(Work task)
Reproduce from the records below, with no pictures, exactly the lines between the one containing "Portrait of pensive" and the one containing "Close-up of a", inclusive.

-------- Material provided --------

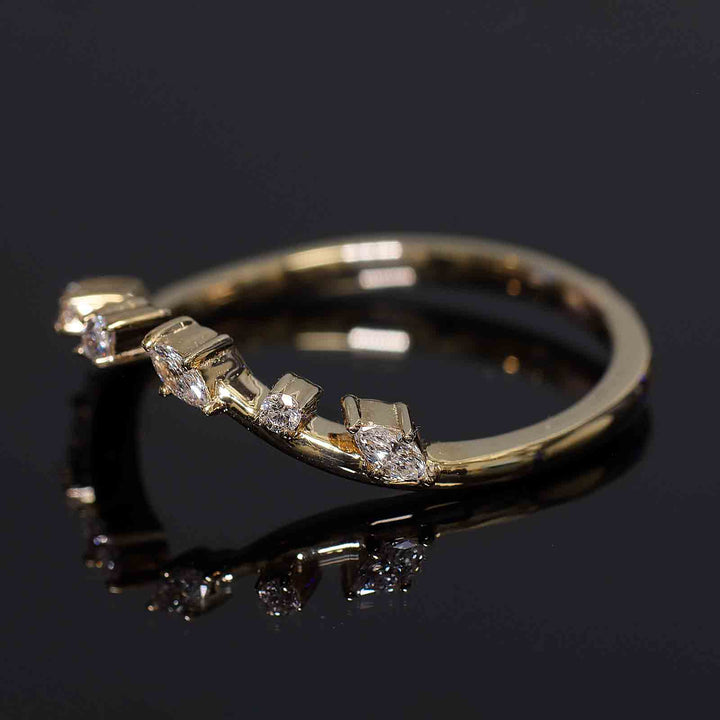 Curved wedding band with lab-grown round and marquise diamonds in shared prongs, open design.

--------
-------- Material provided --------

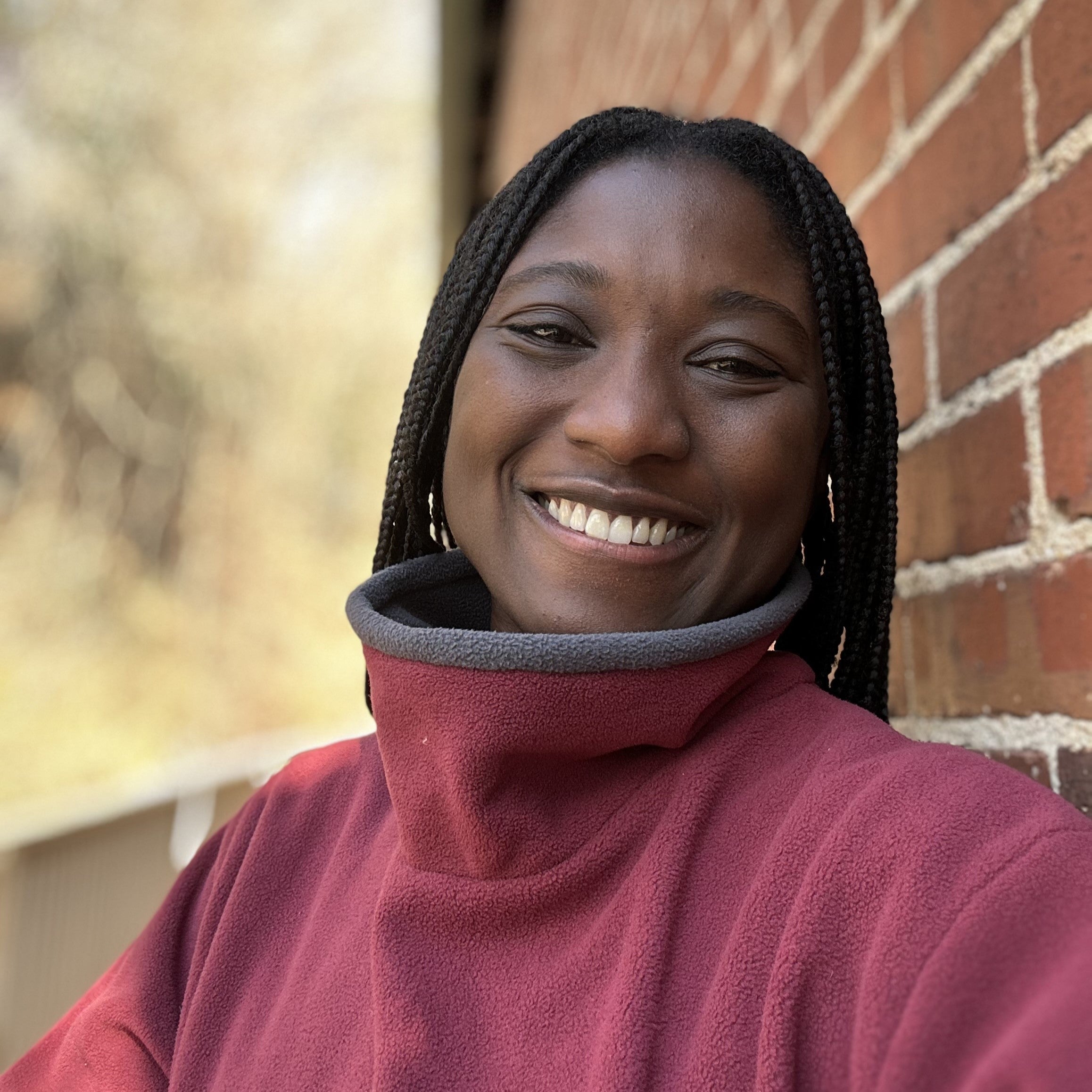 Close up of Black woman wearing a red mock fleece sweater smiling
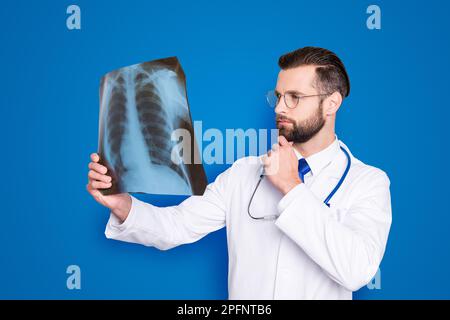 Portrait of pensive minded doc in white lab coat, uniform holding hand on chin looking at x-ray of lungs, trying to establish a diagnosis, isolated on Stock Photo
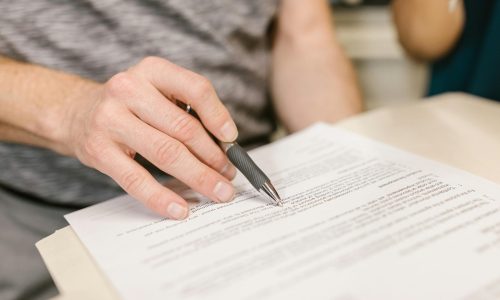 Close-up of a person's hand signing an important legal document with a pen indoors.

--------
-------- Material provided --------

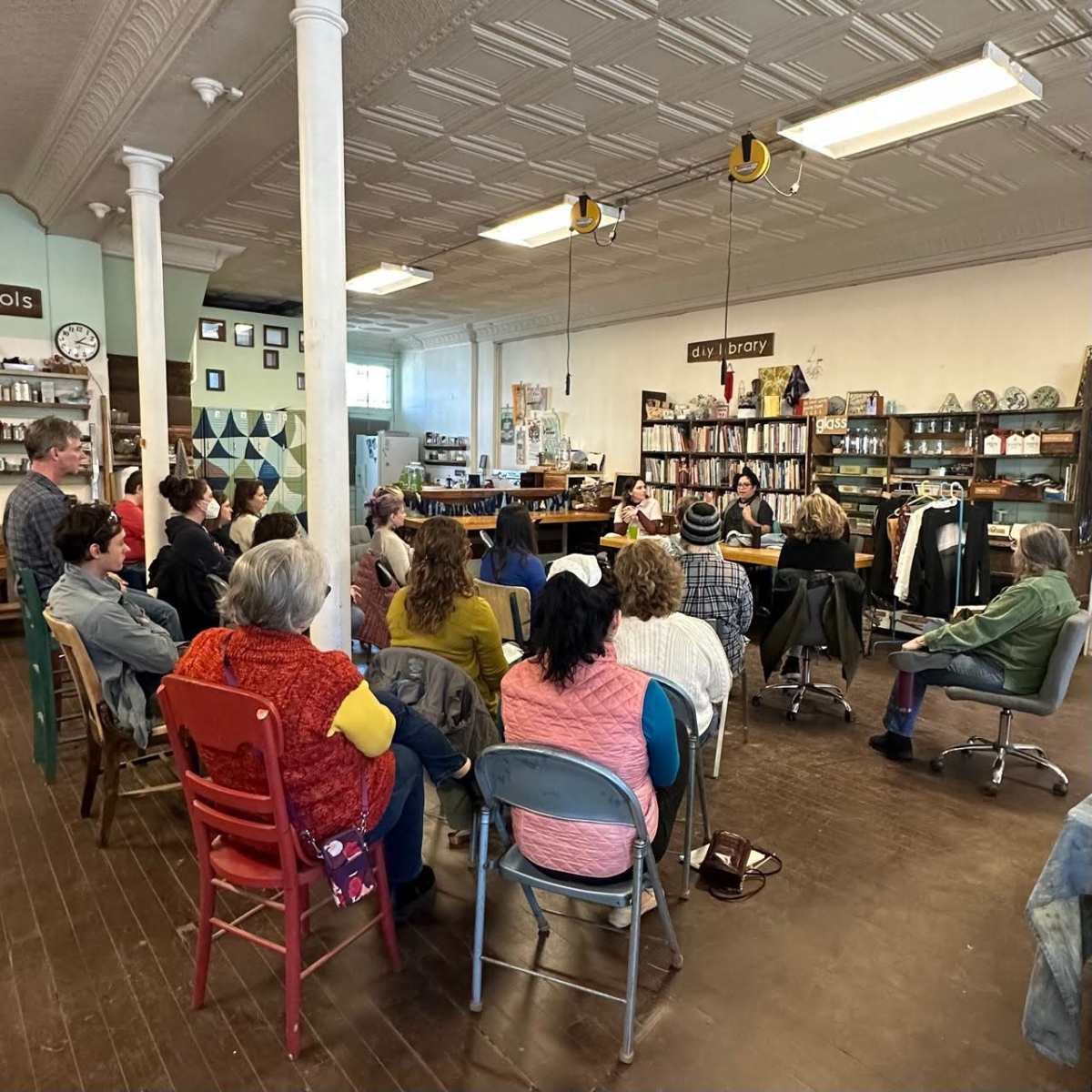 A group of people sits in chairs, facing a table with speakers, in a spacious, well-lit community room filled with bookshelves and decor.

--------

(The completed task)
 Portrait of pensive minded doc in white lab coat, uniform holding hand on chin looking at x-ray of lungs, trying to establish a diagnosis, isolated on Stock Photo
 Close-up of a person's hand signing an important legal document with a pen indoors.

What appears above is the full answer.